The NCSL 119 H1 was taken from a McGizmo light and modded into a Preon ReVO. 
The NVSL 119 H1 was a sample from Nichia Japan and modded into a Fenix E15.

Both LEDs are SW45 which means they fall between (~4300K - ~4750K)
The chart below is from a Cree color chart with the Nichia info superimposed.
The SW45 tint is very large covering 4 different Cree tints (4A, 4B, 4C, 4D)






Here are both against white paper.





Here they are lighting up a Tide stick. 





Here they are lighting up wood dresser and leather wallet.





Here they are lighting up a cotton shirt.





Here they are with other LED lights:




*More info and beamshot comparisons on both Preon ReVOs (Neutral Cree XPG, HCRI Nichia 119) *HERE*

Both Nichia LEDs have great color rendition and when used independently have a nice white tint.
When the LEDs are compared with cool white LEDs the NCSL 119 H1 puts on a slight vanilla tint and the NVSL 119 H1 puts on a very slight rose tint.

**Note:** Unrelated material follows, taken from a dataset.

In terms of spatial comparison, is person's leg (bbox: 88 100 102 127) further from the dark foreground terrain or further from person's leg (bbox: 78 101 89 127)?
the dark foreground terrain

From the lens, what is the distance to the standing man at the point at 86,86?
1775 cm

I hope you enjoyed this little comparison.


----------



## Derek Dean (Mar 26, 2012)

Very nice photo comparisons. I tend to prefer a bit of a rosy tint, so my preference would be for the NVSL version (which has a gorgeous tint to my eyes), but I'm curious if you have a preference between the two?

Who did your E15 mod?


----------



## calipsoii (Mar 26, 2012)

I have to hand it to Nichia - they really knocked it out of the park with those 2 emitters. Nice smooth beamshot with no color variation from hotspot to corona. Excellent color rendering. Right smack-dab in the middle of neutral white - not too warm and not too cool. I can't think of a single other LED that puts out a beam like that.

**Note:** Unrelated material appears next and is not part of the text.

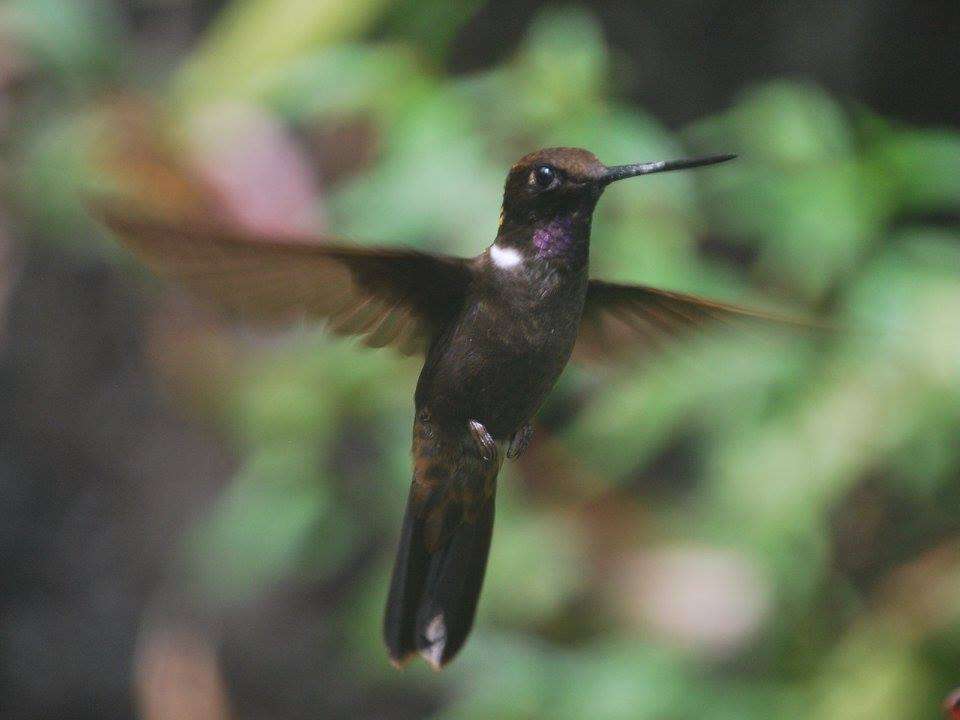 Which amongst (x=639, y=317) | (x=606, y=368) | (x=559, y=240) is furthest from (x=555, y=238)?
(x=606, y=368)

Crying shame about their customer service though. One gets the impression that they really couldn't care less about the North American market, and ordering a specific tint bin is just an exercise in frustration unless you want several thousand of them.


----------



## THE_dAY (Mar 26, 2012)

Derek Dean said:


> Very nice photo comparisons. I tend to prefer a bit of a rosy tint, so my preference would be for the NVSL version (which has a gorgeous tint to my eyes), but I'm curious if you have a preference between the two?
> 
> Who did your E15 mod?



Between the two Nichia, I honestly can't decide both are amazing in their own right.
I can easliy use either light and be content with the tint. 
It's funny that the tint can actually be taken for granted until you put it up against another LED and once again become amazed by great color renditon for such a high color temp.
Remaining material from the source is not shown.